Exercise brief: Copying rule for the data below: take the line containing "154 West Maple" and every line after it to the end, exactly, and drop all pictures.

-------------------------

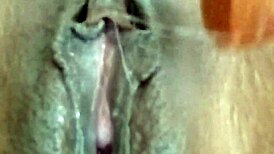 Horny girl fucks her juicy pussy close-up creamy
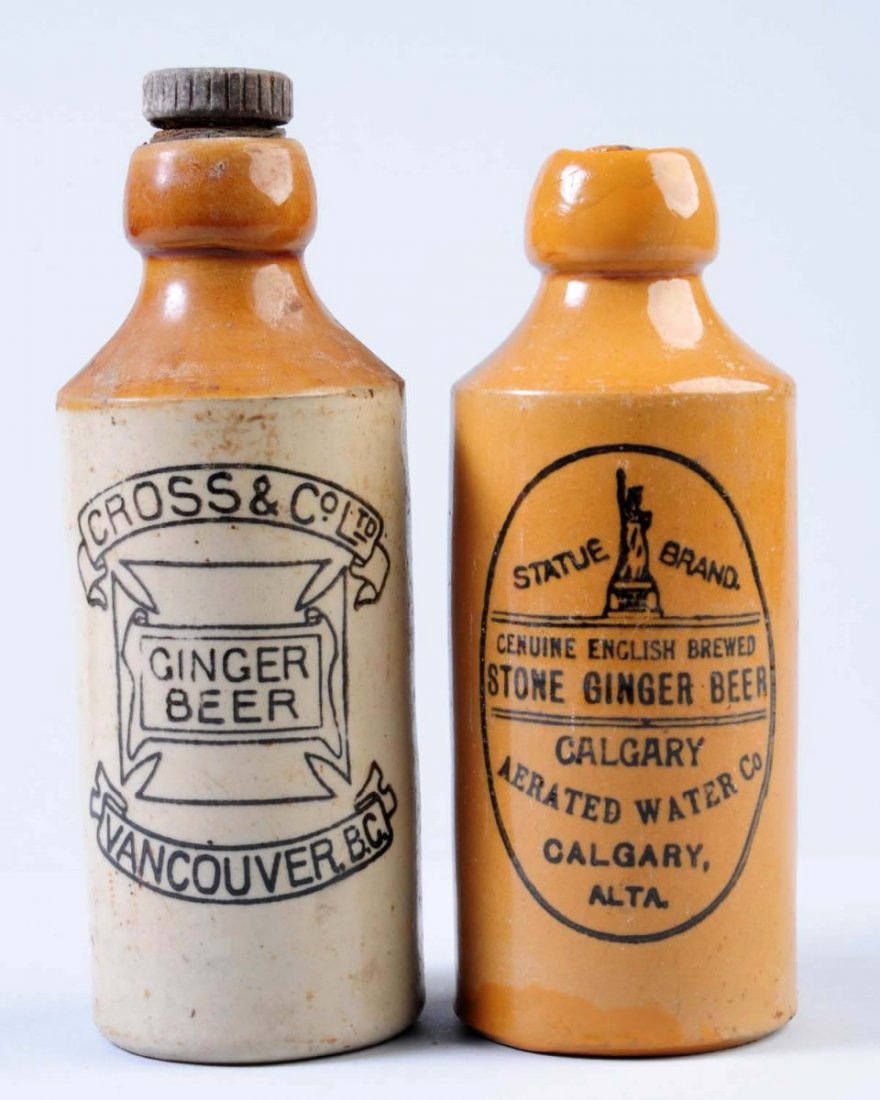 Lot of 2: Stoneware Ginger Beer Bottles.: The first bottle is marked "Cross & Co. Ginger Beer Vancouver, B.S." The second bottle is marked "Statue Brand Stone Ginger Beer Calgary, Alberta" This bottle has an illustration of the Statue of Libe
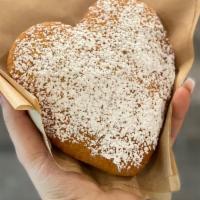 Ponchik · Deep-fried dough with a filling of custard, Nutella or apricot jam. Topped with powdered sugar
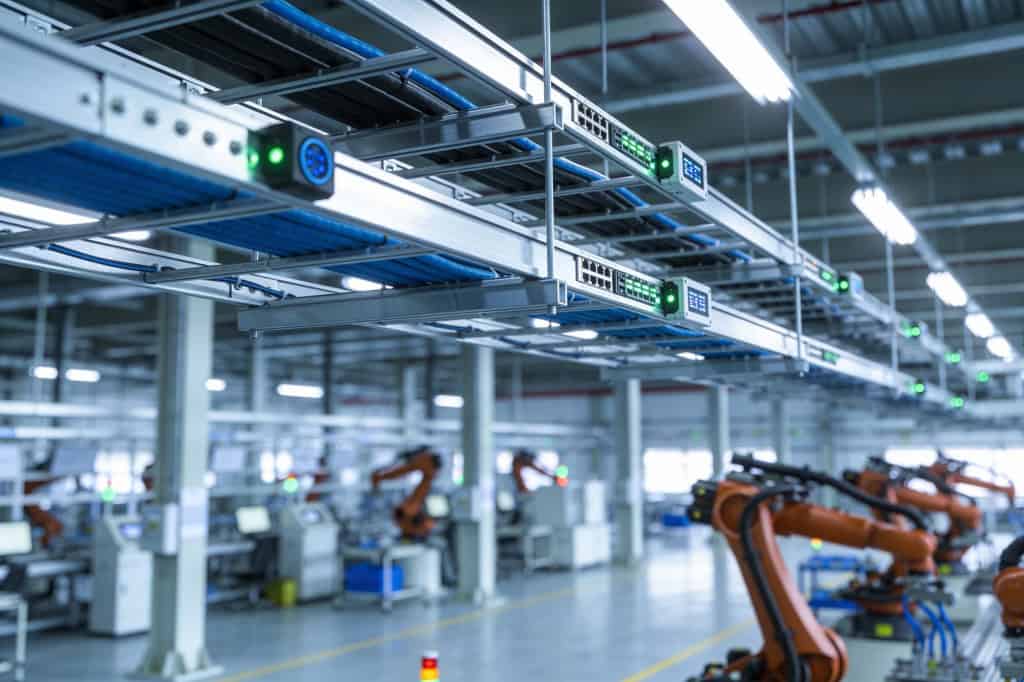 Linha de produção automatizada com braços robóticos em ambiente industrial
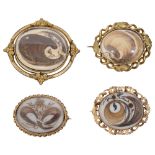 Four 19th century oval memorial locket brooches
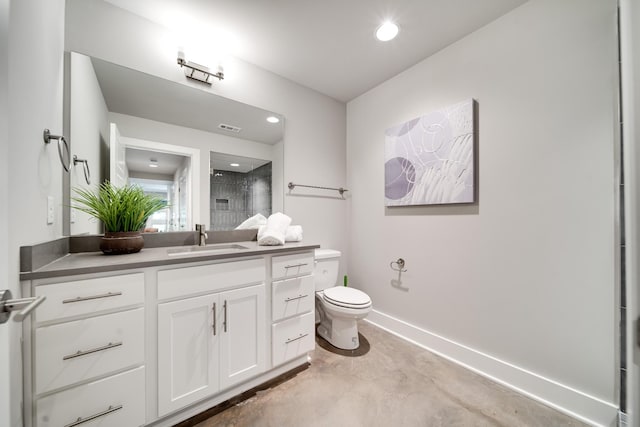 bathroom featuring vanity, a shower, concrete floors, and toilet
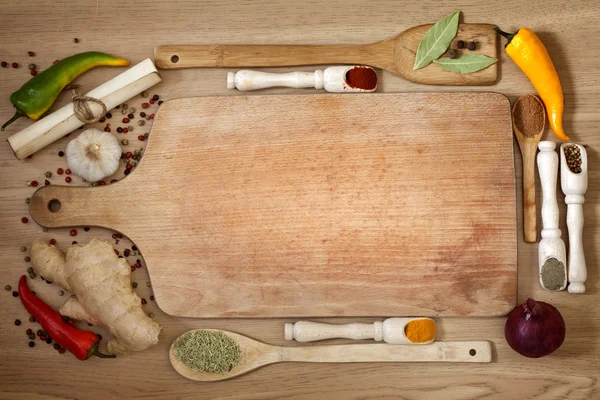 Vegetables and spices border and empty cutting board — Stock Photo, Image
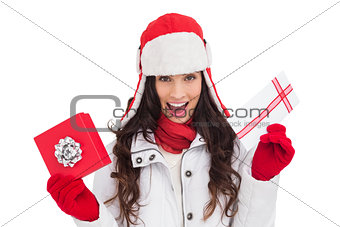Excited brunette in winter clothes holding gifts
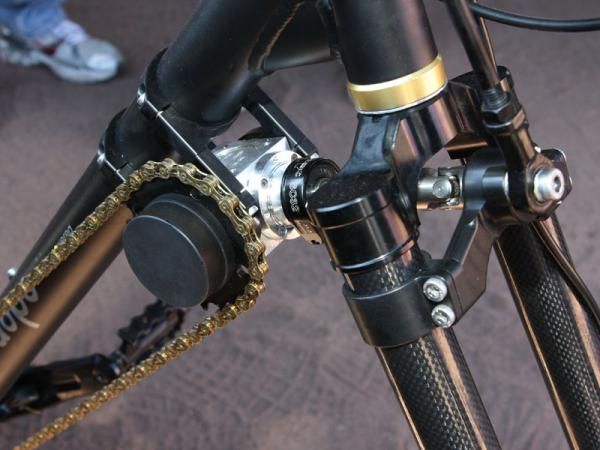 A chain connects the driver box to the crankset to help drive the rear wheel.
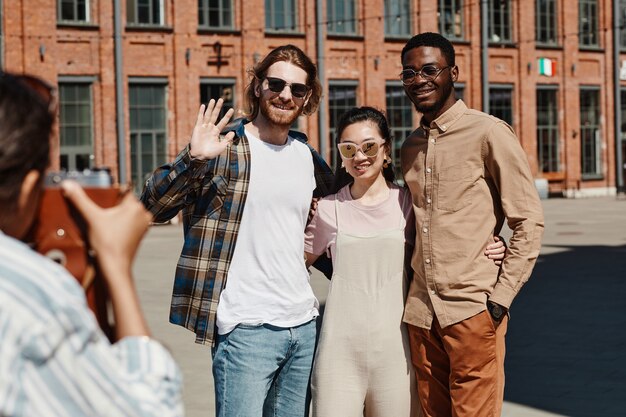 Diverse group of young people taking photo outdoors in city street lit by sunlight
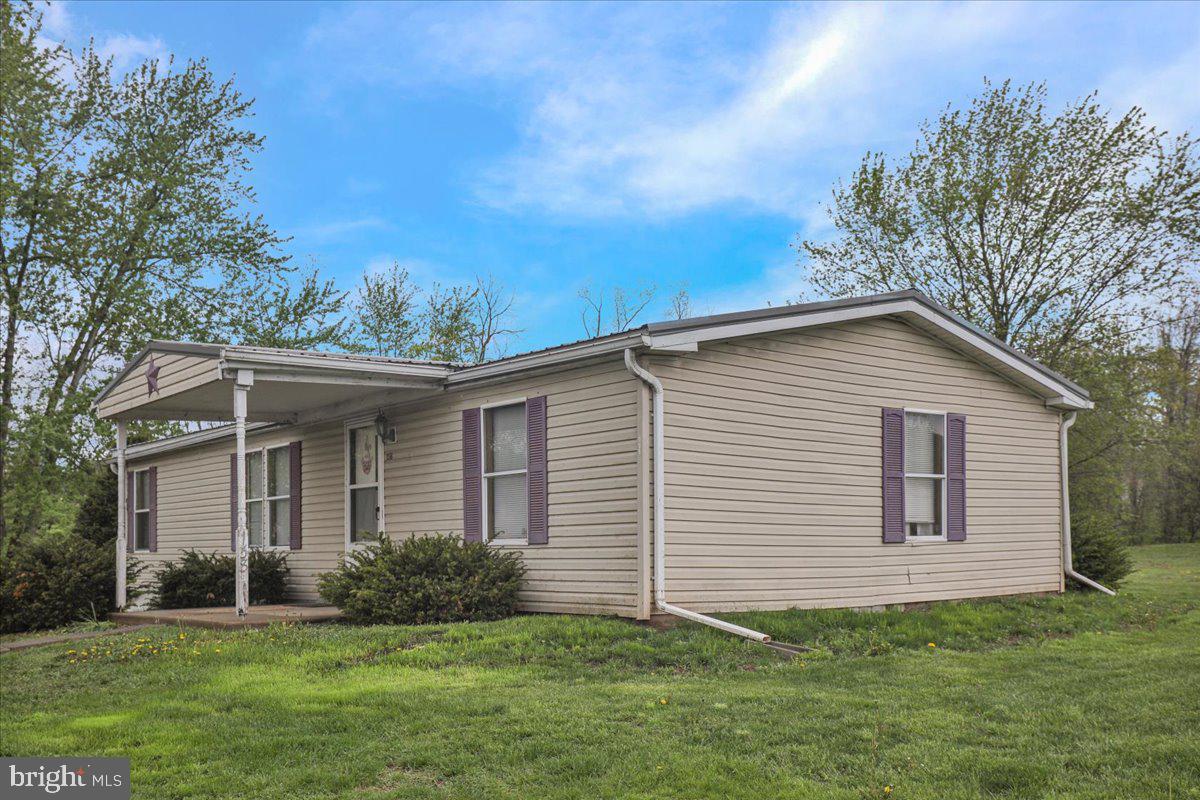154 West Maple Grove Road Denver, PA 17517 - Photo 54 of 59 a view of a house with a yard
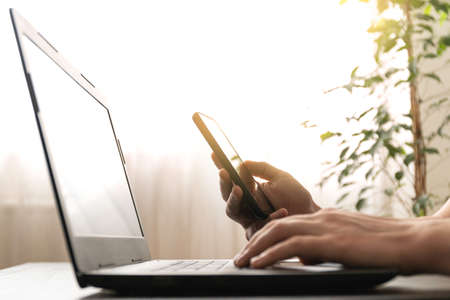 Man use smartphone and laptop in office or at home.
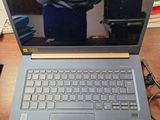 a laptop computer sitting on a table with a cup of coffee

-------------------------

Result below:
154 West Maple Grove Road Denver, PA 17517 - Photo 54 of 59 a view of a house with a yard
 Man use smartphone and laptop in office or at home.
 a laptop computer sitting on a table with a cup of coffee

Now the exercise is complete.